GADTs. GADTs are an advanced feature of OCaml, and are used in a number of places in snarky. GADTs have no equivalent in Rust, which makes it tricky to translate. The bigger user of this feature is the Typ component, which allows users of snarky(ml) to construct snarky types--types that can be represented in OCaml as well as in snarky (as cvars).

Extensible variants. The Constraints module in snarky(ml) is constructed via extensible variants, which also does not have an equivalent in Rust. Our proposal is to rewrite this module as a type exposed by the constraint system.

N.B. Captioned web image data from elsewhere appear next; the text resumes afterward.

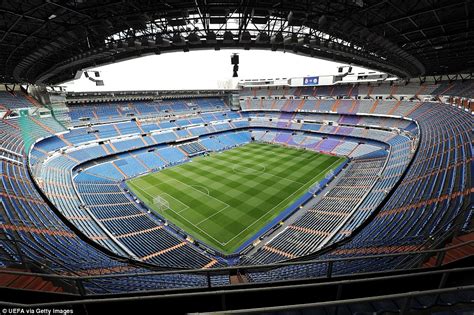 Dit is een verwijzing naar het oude stadion van de club dat. Barcelona and Real Madrid's new multi-million pound ...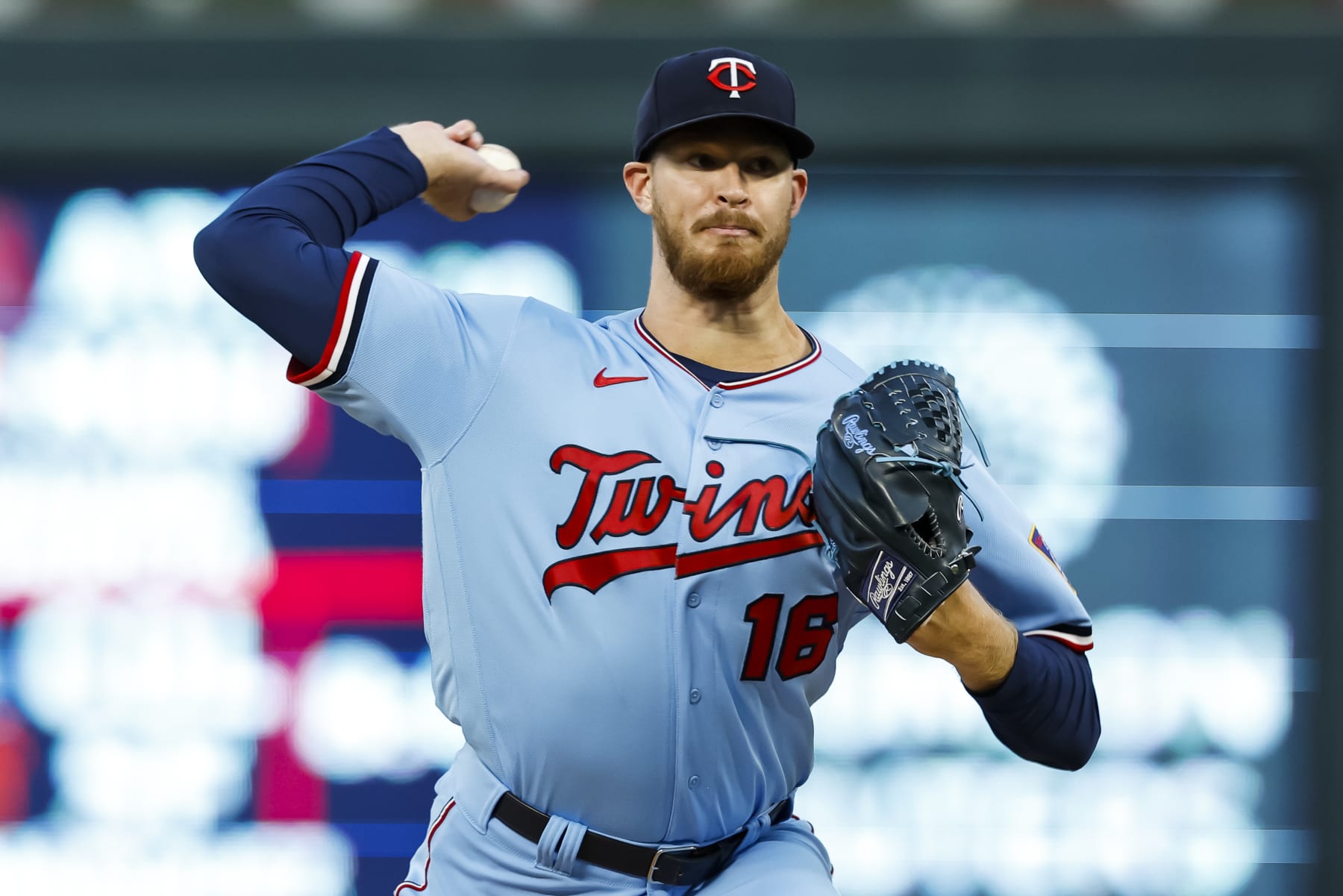 MINNEAPOLIS, MN - SEPTEMBER 27: Bailey Ober #16 of the Minnesota Twins delivers a pitch against the Chicago White Sox in the first inning of the game at Target Field on September 27, 2022 in Minneapolis, Minnesota. (Photo by David Berding/Getty Images)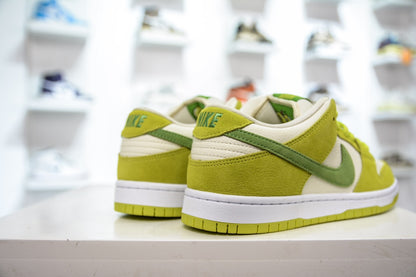 Nike Dunk SB Low Pro "Sour Apple"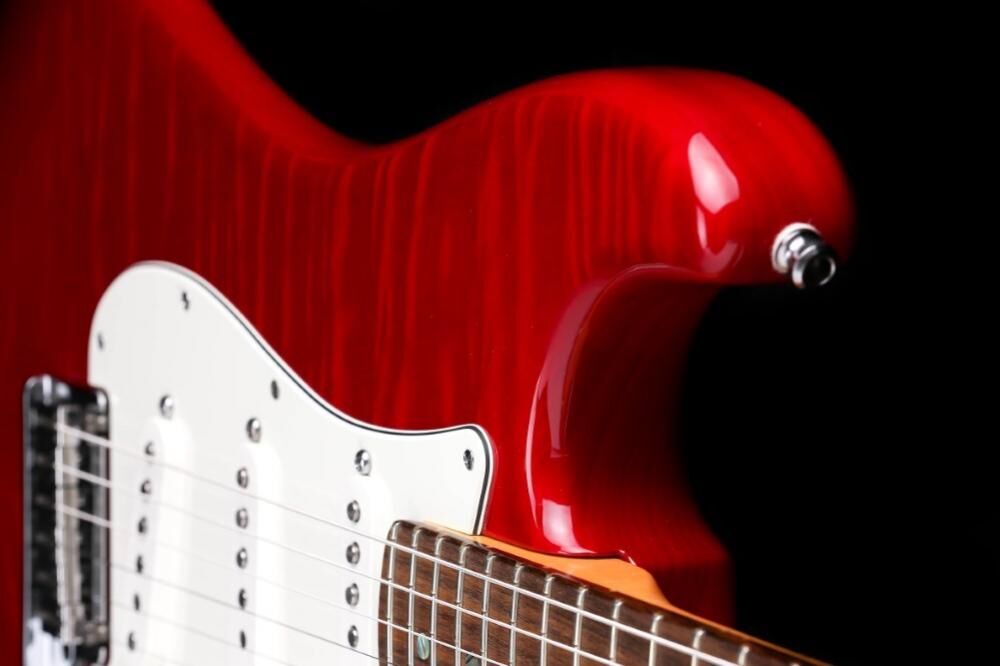 Fender Custom Shop Custom Deluxe Stratocaster (SC-II)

Polymorphic code. A lot of code is polymorphic on the OCaml side, which makes it hard to translate to Rust as 1) using OCaml values with generic Rust structures is not trivial and 2) we currently do not have a way to have expose generic Rust functions to OCaml. It seems like most use of polymorphism in snarky(ml) are due to snarky supporting different fields, in which case we propose to simply expose declinations of all Rust types for the different fields we want to support (only two at the moment: The Pasta curve's Fp and Fq).

Communication from OCaml to Rust. OCaml sometimes pass functions, or types (via GADTs), as arguments to functions. For example, exists and as_prover can both path a closure as argument. exists also takes a Typ GADT to advertise the types that need to be used. We want to preserve the Typ feature, which is that users of snarky can create their own types. It is not clear exactly what is the simplest path, but we might be able to take inspiration on SnarkyJS and implement a similar thing. This will potentially mean that a lot of code on the Mina side will be have to be refactored.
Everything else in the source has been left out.